Mordillat fait le choix d’une biographie très sagement mise en scène, puisque les intentions sont avant tout didactiques : l’héroïne que joue Virginie Ledoyen s’exprime volontiers face caméra ou en voix off, pour livrer des informations importantes, notamment sur les cadences infernales auxquelles étaient soumises les ouvrières tisseuses de soie, ou pour narrer l’évolution du conflit social. Au-delà des spectateurs, on a l’impression que cette interlocution vise un public de scolaires.
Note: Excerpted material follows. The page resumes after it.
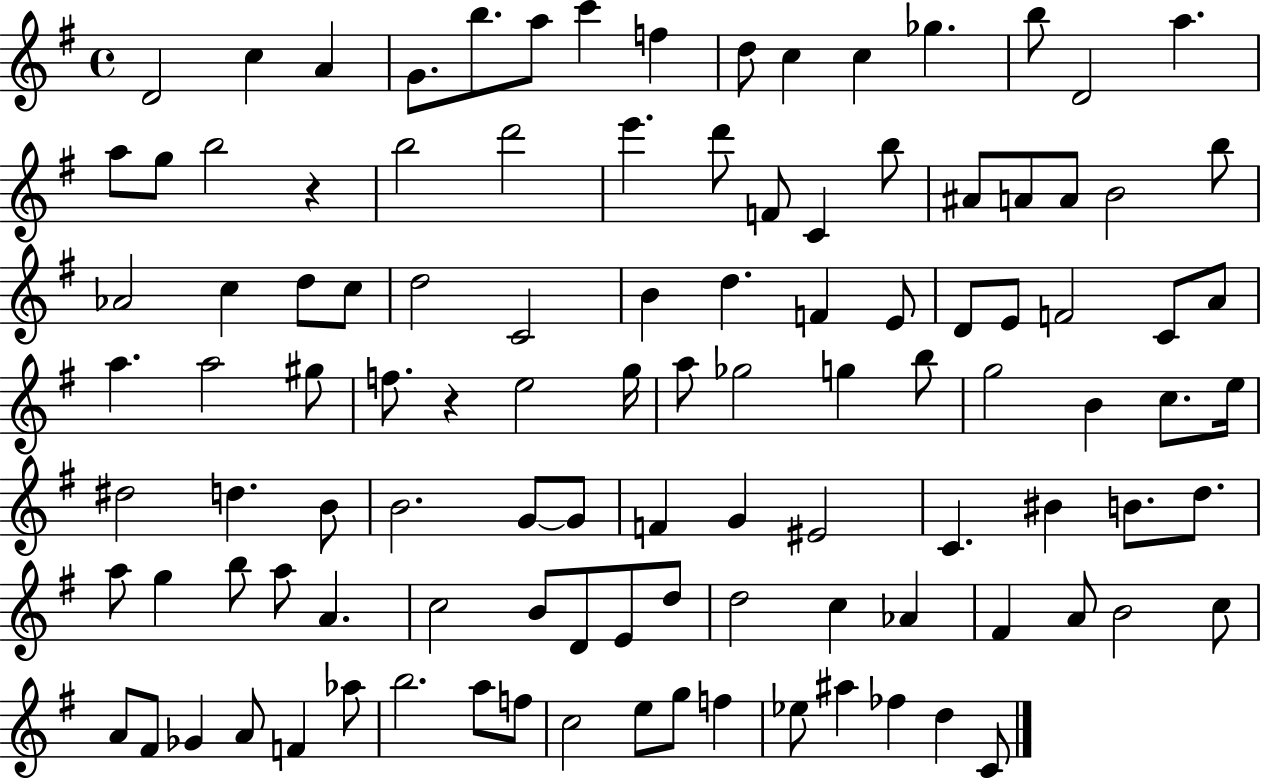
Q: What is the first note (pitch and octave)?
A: D4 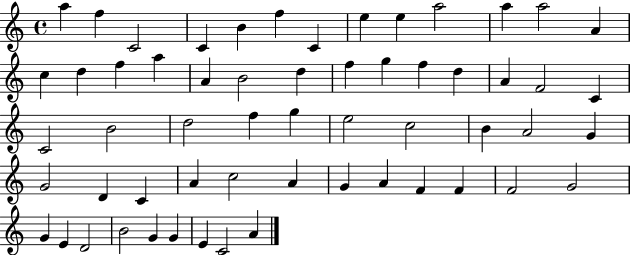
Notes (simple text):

A5/q F5/q C4/h C4/q B4/q F5/q C4/q E5/q E5/q A5/h A5/q A5/h A4/q C5/q D5/q F5/q A5/q A4/q B4/h D5/q F5/q G5/q F5/q D5/q A4/q F4/h C4/q C4/h B4/h D5/h F5/q G5/q E5/h C5/h B4/q A4/h G4/q G4/h D4/q C4/q A4/q C5/h A4/q G4/q A4/q F4/q F4/q F4/h G4/h G4/q E4/q D4/h B4/h G4/q G4/q E4/q C4/h A4/q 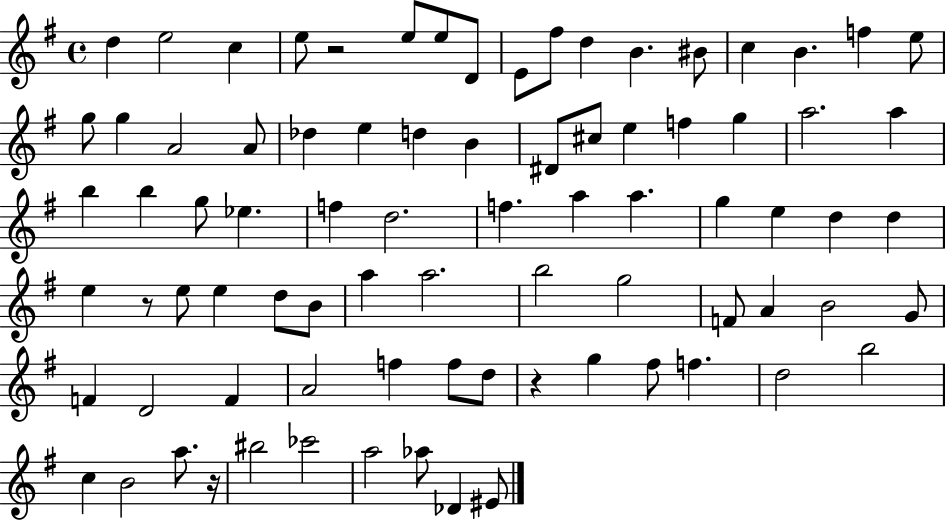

La chair des personnages disparaît derrière un message à porter, la théâtralité de certaines scènes atteste d’une volonté de faire réagir en édifiant, et lorsque Philippe Torreton, alias Charles Auda, murmure "Melancholia", on a l’impression de réviser le bac de français.
Les comédiens récitent globalement un texte dont l’essentiel pourrait illustrer les pages d’un vieux Lagarde et Michard, les violons s’éveillent aux moments les plus dramatiques ou les plus sentimentaux. Bref, on s’ennuie alors qu’on ne devrait pas. Surtout que dans le rôle-titre, Virginie Ledoyen s’avère complètement inexpressive ou décalée ("alors comme ça, je suis déléguée ?" se réjouit son personnage, en faisant un tour sur lui-même). Une vraie erreur de casting.
Quelques moments retiennent toutefois l’attention, qui documentent une double oppression, subie en tant que femme et ouvrière : on évoquera notamment une porte qui se referme sur un contremaître et une jeune ouvrière qui subit des viols, ou bien la réticence d’une prolétaire à faire grève, craignant le courroux de son père.
Aussi généreux dans ses objectifs que poussiéreux dans sa forme, Mélancolie ouvrière est comme ces musées de cire d’antan que commentaient des guides volontiers prolixes à un public captif. Mais il arrive aussi que les instructeurs se trompent : au congrès national de l’industrie textile à Reims, en 1904, Lucie Baud n’a jamais pris la parole devant ses camarades masculins, puisqu’on ne la lui a pas donnée.